2. Car Insurance And Driver’s History
If you buy a car, it is a legal requirement to get car insurance. If you can’t prove your car insurance history, you will be registered as a new driver. Car insurance policy for a new driver is significantly more expensive than insurance for an experienced driver, especially if you have a clean record.
3. Transferring Funds From Overseas
If you are transferring funds from your home currency into Canadian dollars, it is best to utilize a platform like Transferwise for this process. Many traditional banks will rip you off by charging exuberant fees (3-6%) to handle your international currency exchange and transfers. A solution like Transferwise charges a small flat fee and offers the Google spot exchange rate. This makes a significant difference in saving. The more you intend to transfer, the more you’ll save!
4. Job Hunting
Resuming your professional career in Canada might not be as easy as you expect. Be prepared to start from scratch. It may be difficult to have your previous qualifications and credentials recognized. Some employers might request for previous job references to support your application. It is easier to prepare these references in person before leaving for Canada. Gather as many references as you can. You never know when you might need them. If you have your previous job references, it can increase your chances to get hired.
5. Credit Score
Even if you are not a big fan of credit, it can work to your advantage to build up your credit score in Canada. You might decide a year into your visit that you would like to settle in Canada and buy a home for you and your family. If you apply for a credit card when you arrive then you will have more time to build your credit history. This may come in handy, should you ever need it while living in Canada. Make sure to always cover your credit on time to avoid unnecessary penalties.
6. Accommodation References
If you are looking to take out a rental lease, you may be required to provide reference letters from previous landlords.
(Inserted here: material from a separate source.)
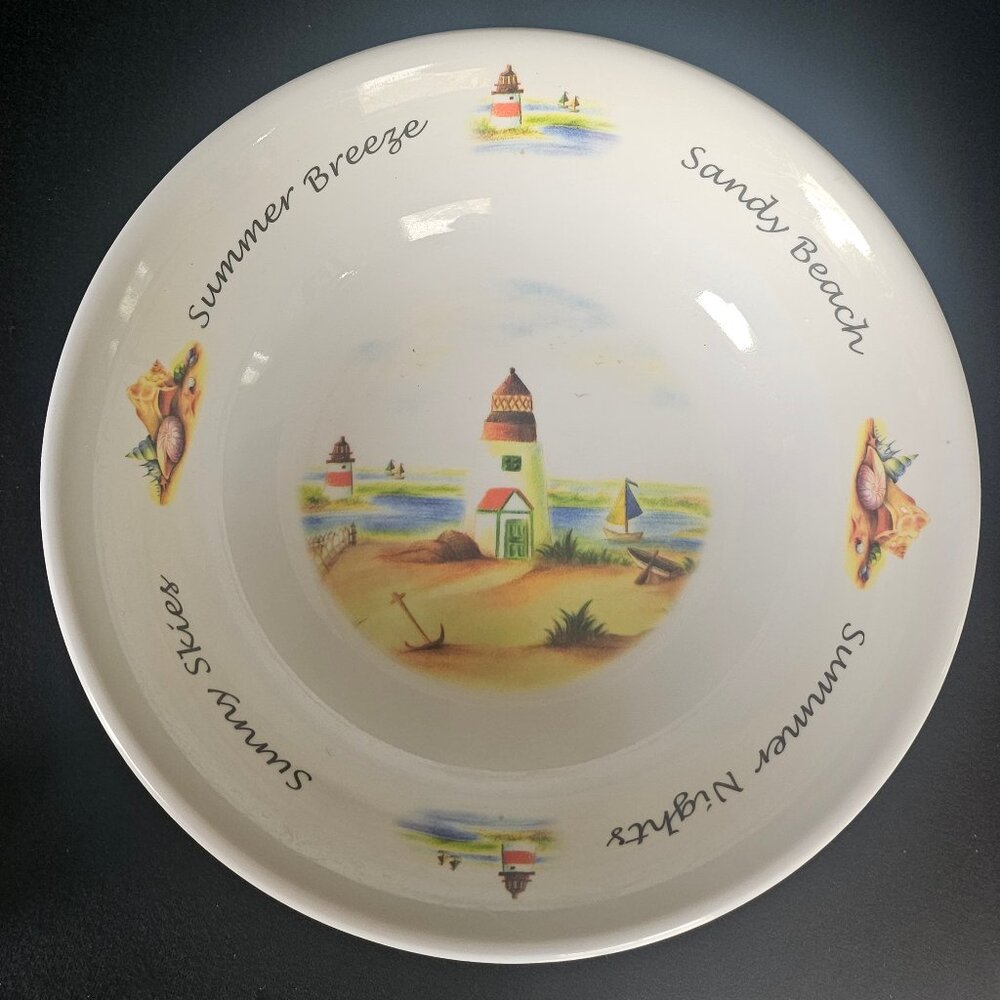 Vintage Trisa Melmac Large 12 Inch Serving Bowl Beach/Nautical Theme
It’s always easiest to arrange this before arriving in Canada. Our suggestion is to book an Airbnb for 2 weeks upon arrival in Canada. This way you will be able to seek out long term rental options and you will be able to visit them in person before you commit to anything. Be sure to have some references from previous landlords ready just in case you need them.
7. Health Care
Health care in Canada is funded by the government. Even if you are only a temporary resident or temporary worker, you are still eligible to apply for provincial healthcare. Bear in mind that not all health care expenses are covered by the government but the majority are. Dental care generally isn’t though. Your employer might also provide additional coverage. In any case, the Canadian health care system rocks!
8. Banking Fees
Banking fees in Canada can be significantly higher compared to many other countries in the world. The good news is that there are affordable banking solutions for newcomers available as well as zero-fee online banking alternatives. See our free banking guide here.
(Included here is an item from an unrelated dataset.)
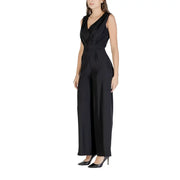 Rinascimento Sleeveless Black V Neck Jumpsuit with draped neckline and wide-leg pants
When you fill-up your Canadian visa application, make sure to include your common-law partner in your family history section. This is important, in case you want to immigrate to Canada with your partner and only one of you attains permanent residency. If this happens, then the other partner can still apply for Canadian residency as a common-law partner. Having this indicated on your application right from the get-go makes it easier to prove that you are in a relationship down the line if need be.
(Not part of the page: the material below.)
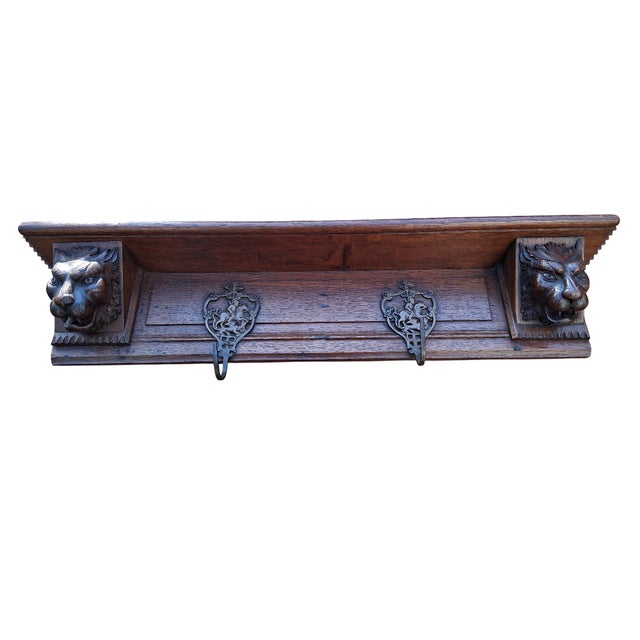 Wall Shelf in Oak with Lion Heads and Hooks For Sale - Image 15 of 15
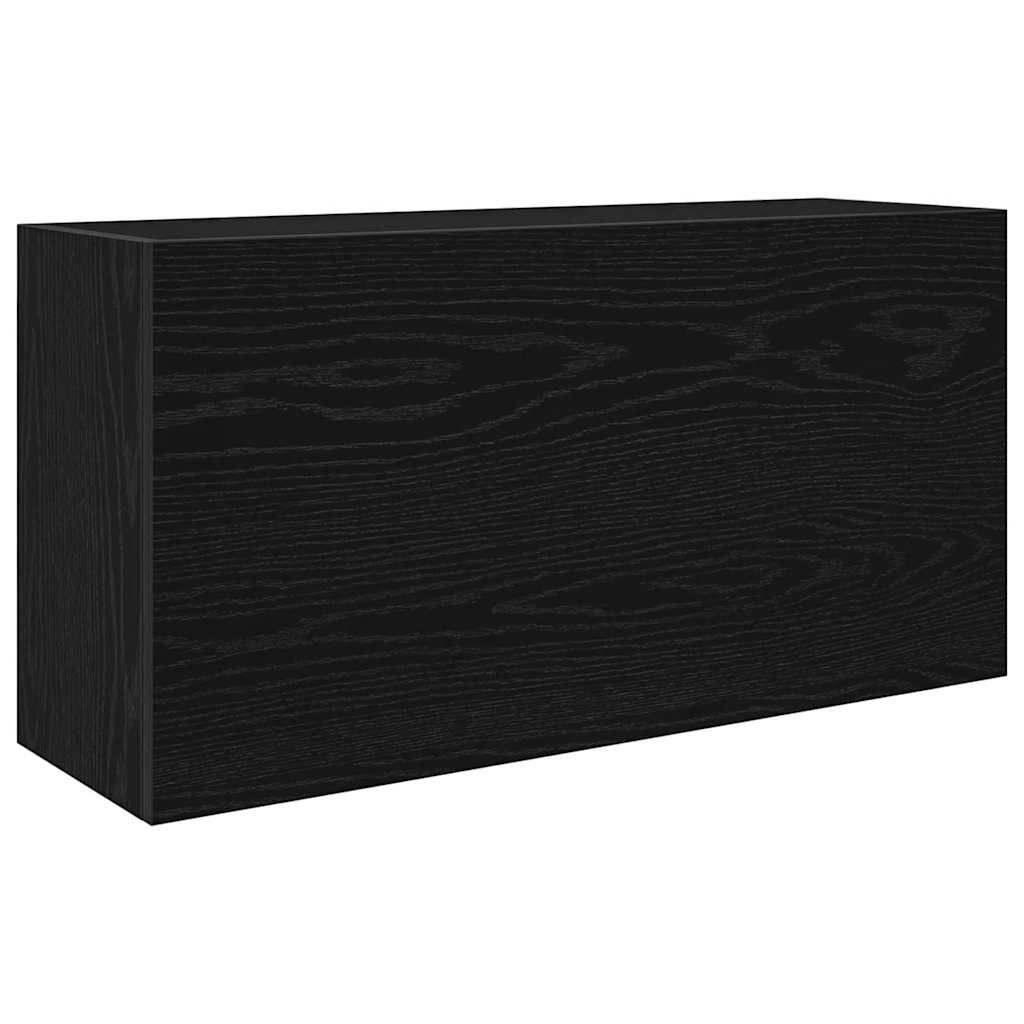 vidaXL Badezimmerspiegelschrank Bad-Wandschrank Schwarz 80x25x40 cm Holzwerkstoff (1-St)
Living in Canada has a lot to offer. We spent our first year in Canada on a working holiday where we were able to explore the country. The longer we stayed, the more Canada grew on us. (I bet we aren’t the only ones who feel that way!) We hope that after reading our ‘Top 10 things we wish we knew before arriving in Canada’, you will be better prepared to transition into life in Canada. If you have any further questions about living in Canada, feel free to leave a comment below or send an email through our contact form.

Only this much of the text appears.